INPUT: Begin

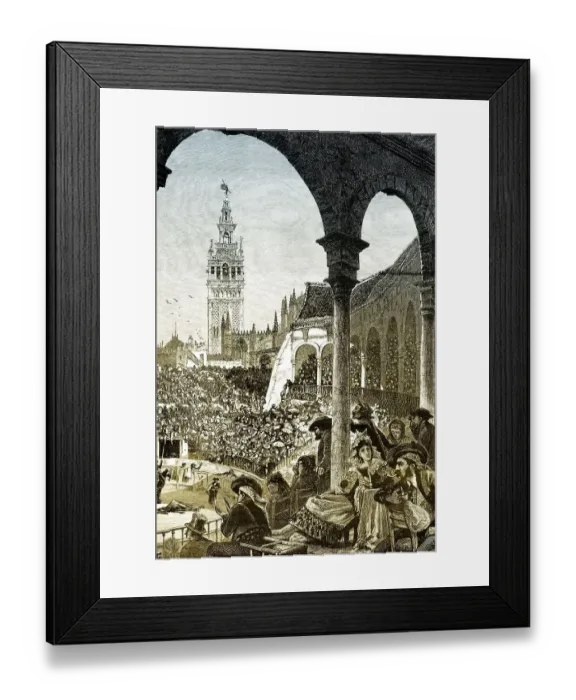Framed Print : Historic drawing, bullfight in Seville Framed Print : Historic drawing, bullfight in Seville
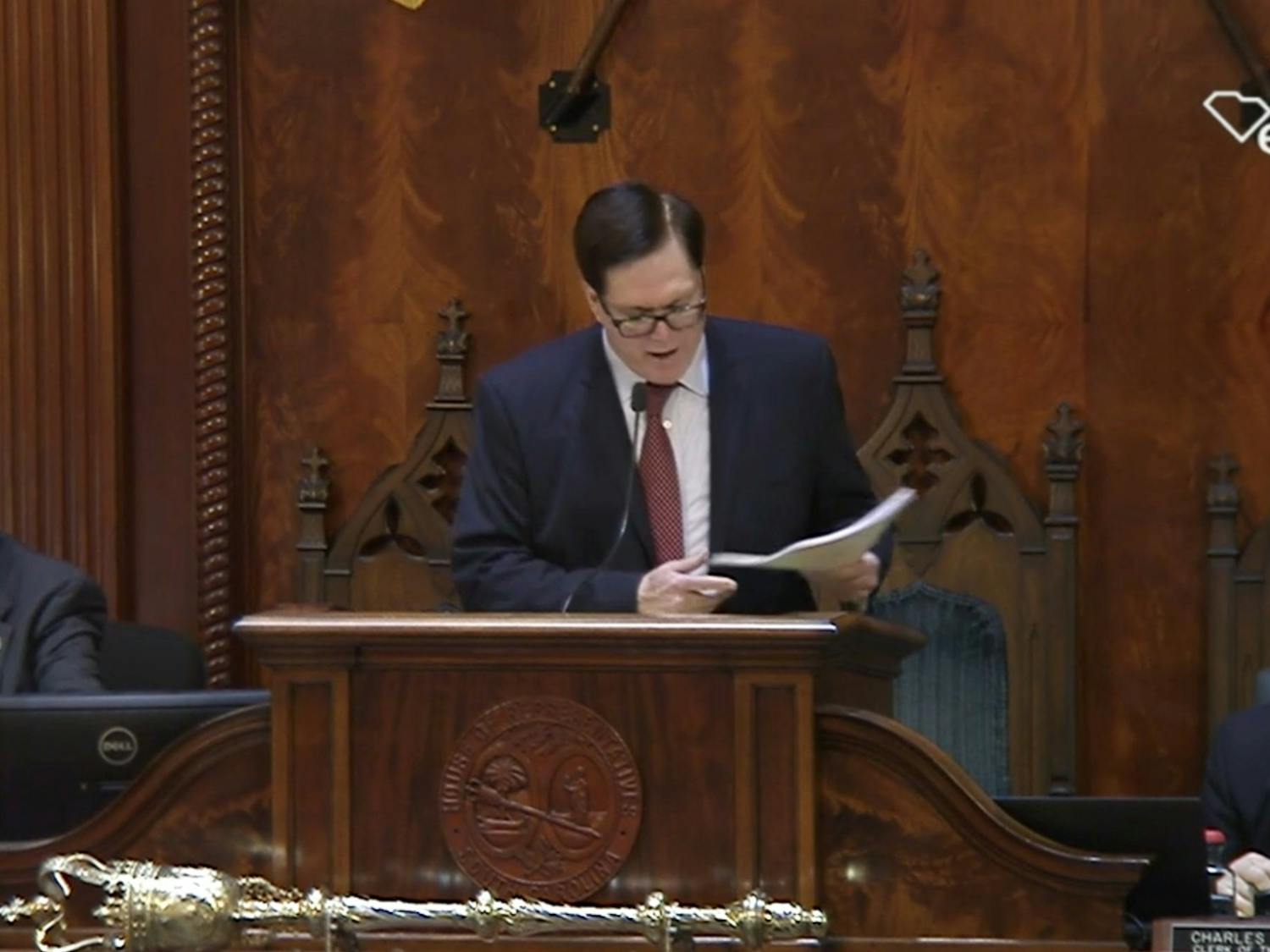 Speaker of the House, Jay Lucas, conducts vote to get the H. 5198 bill presented to the house floor during a meeting on April 5, 2022. The SC House of Representatives passed bill H. 5198, which would restructure the USC board of trustees.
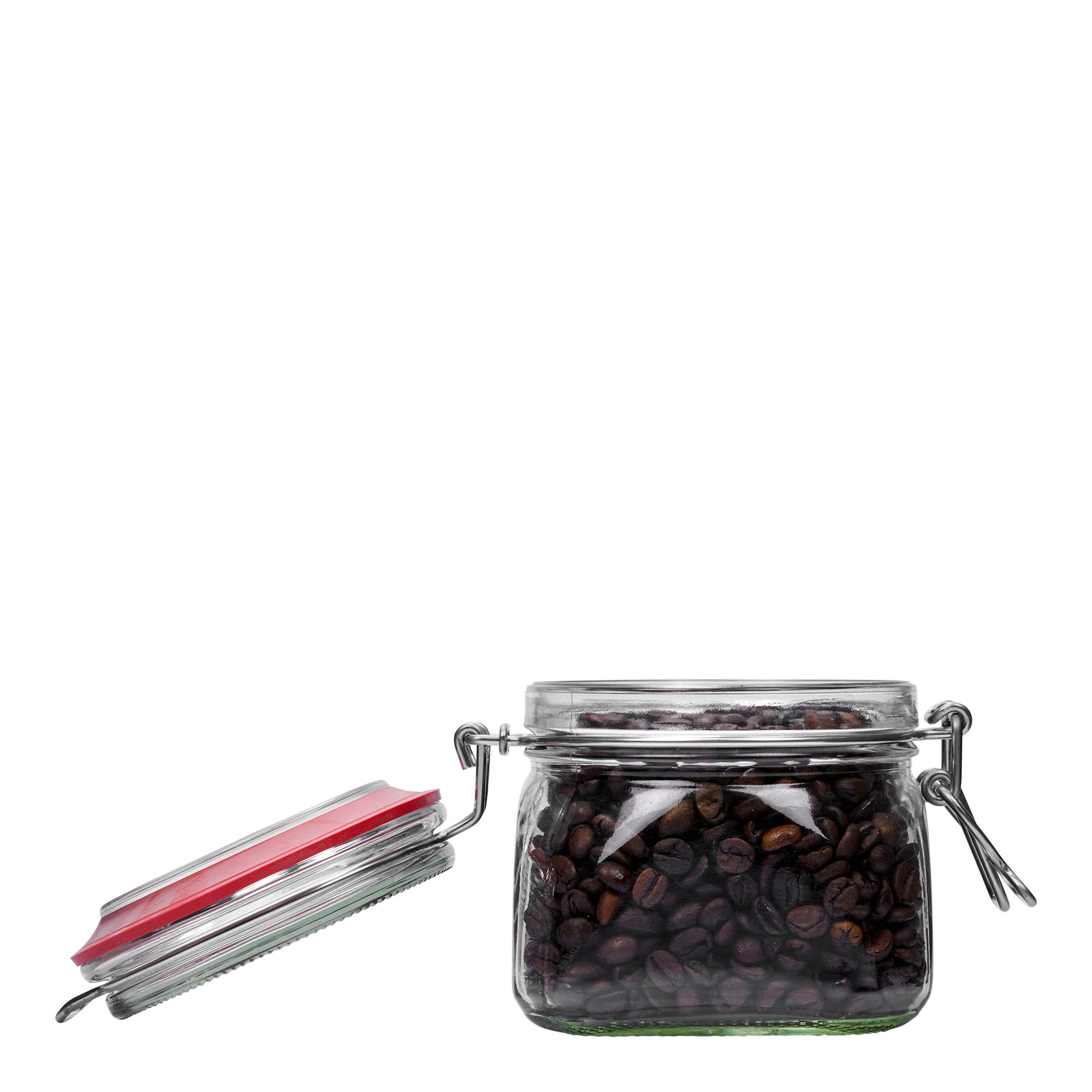 550 ml barattolo con chiusura a leva, quadrato, apertura: chiusura a leva 550 ml barattolo con chiusura a leva, quadrato, apertura: chiusura a leva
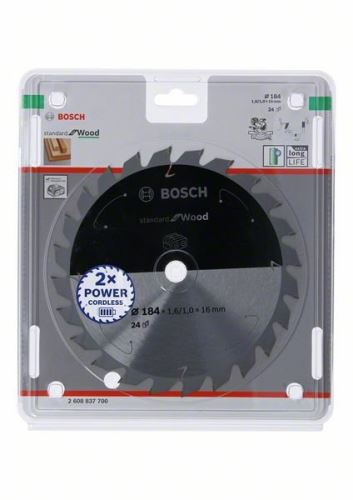 BOSCH žagin list za akumulatorske žage; Standard za les 184x16x1,6/1,0x24T 2608837700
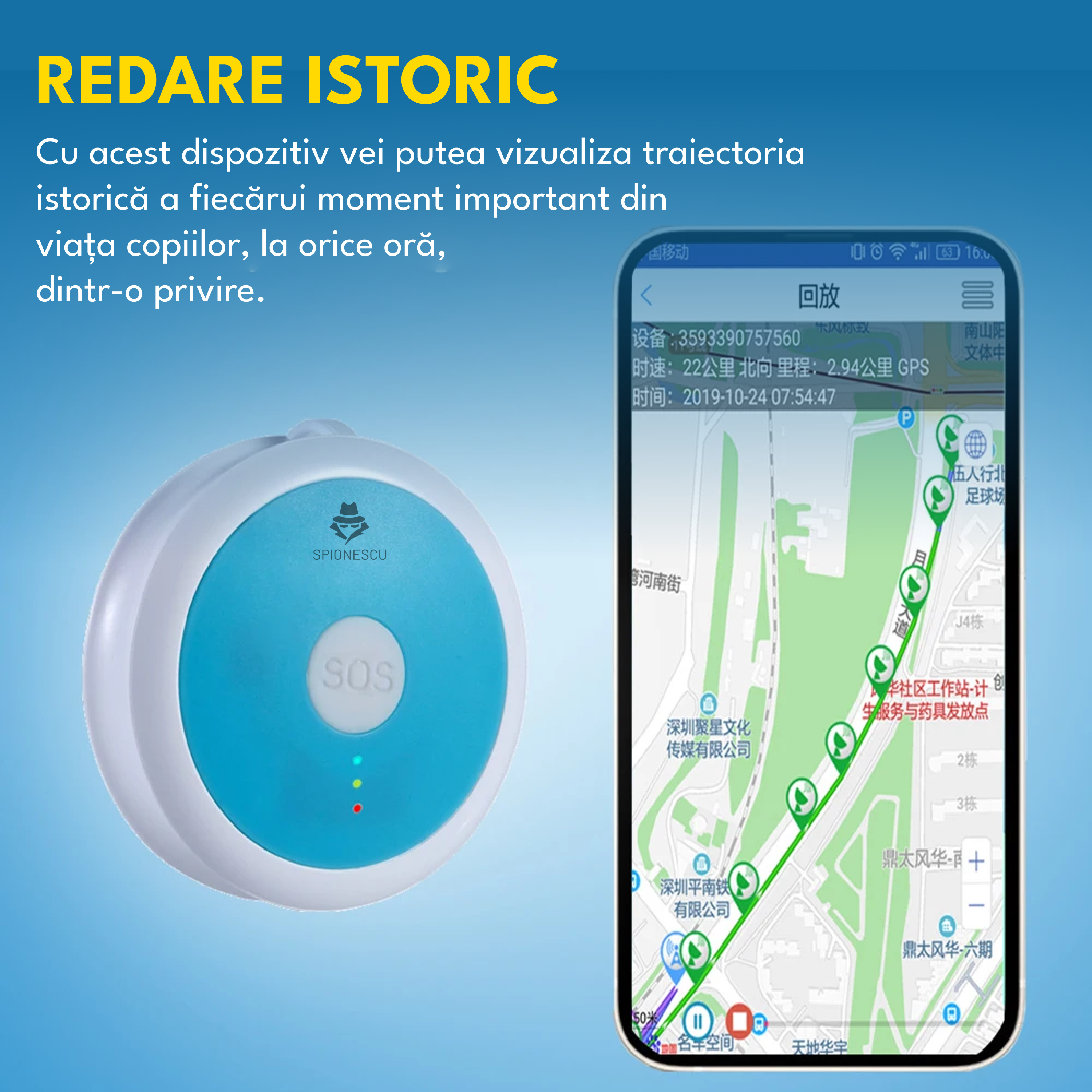 Dispozitiv de monitorizare si localizare in timp real, G53, pentru copii si batrani, 4G,  baterie 750mAh, buton SOS, incarcare magnetica, redare istoric, perimetru de siguranta, rezistent la apa IP67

INPUT: End

__WHAT YOU SHOULD DO__. Skip the pictures, then return the rest of the data exactly.

__RESPONSE BELOW__.
Framed Print : Historic drawing, bullfight in Seville Framed Print : Historic drawing, bullfight in Seville
 Speaker of the House, Jay Lucas, conducts vote to get the H. 5198 bill presented to the house floor during a meeting on April 5, 2022. The SC House of Representatives passed bill H. 5198, which would restructure the USC board of trustees.
 550 ml barattolo con chiusura a leva, quadrato, apertura: chiusura a leva 550 ml barattolo con chiusura a leva, quadrato, apertura: chiusura a leva
 BOSCH žagin list za akumulatorske žage; Standard za les 184x16x1,6/1,0x24T 2608837700
 Dispozitiv de monitorizare si localizare in timp real, G53, pentru copii si batrani, 4G,  baterie 750mAh, buton SOS, incarcare magnetica, redare istoric, perimetru de siguranta, rezistent la apa IP67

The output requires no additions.